Reputation: 873
I recently ran into a strange behavior while using spacy, which is when I process string,
in case the string is a single string object, I have to use nlp(string),
while I have to use nlp.pipe(a list) for a list made of strings elements.
The example is as below.
string='this is a string to be process by nlp'
doc =['this','is','a','string','list','to','be','processed','by','spacy']
stringprocess= list(nlp(string))
listprocess = list(nlp.pipe(doc))
listprocess
stringprocess
Why is this? I assume this must be something to do with nlp.pipe() behavior which is generator.
What is the reason?
Thank you.
Upvotes: 3
Views: 739
Reputation: 1086
Spacy does this because generators are more efficient. Since generators are consumed only once they are more memory efficient than a list.

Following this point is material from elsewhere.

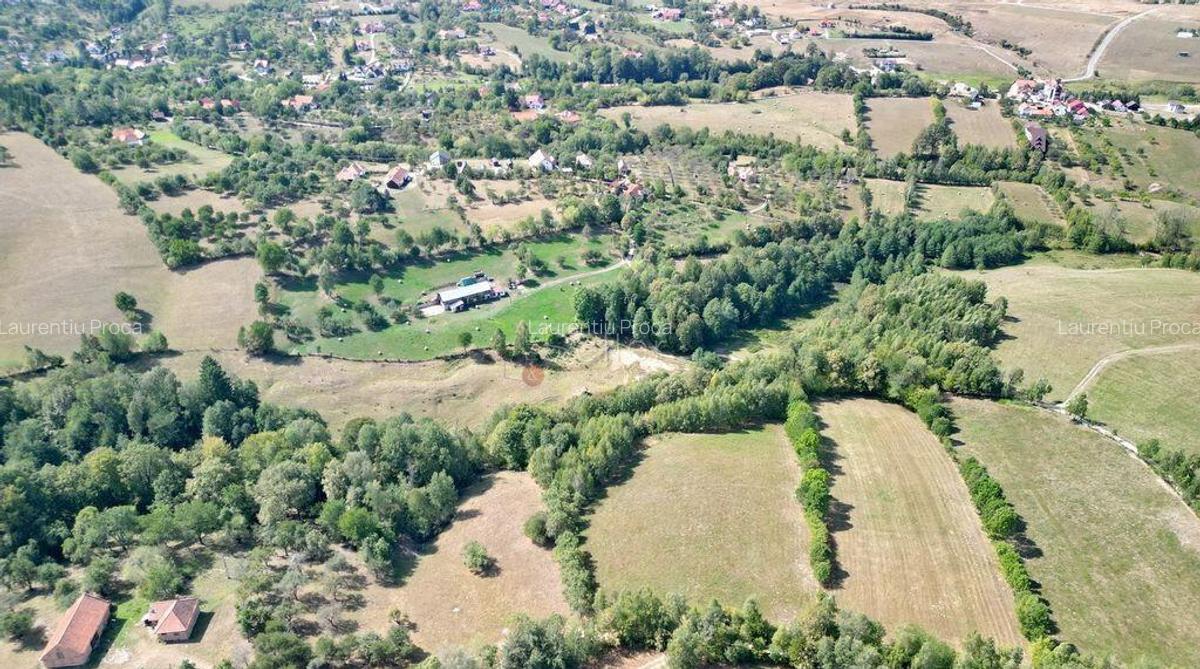 Teren intravilan, priveliste deosebita - 24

According to their documentation instead of processing texts one-by-one and applying nlp
pipeline it processes texts in batches.
Furthermore, you can configure batch size in nlp.pipe
to optimize performance according to your system
Process the texts as a stream using
nlp.pipe
and buffer them in batches, instead of one-by-one. This is usually much more efficient.
If your goal is to process large streams of data using nlp.pipe
it would be much more efficient to write a streamer/generator to produce results as you need them from database/filesystem than loading everything in memory and then processing them one by one.
Upvotes: 3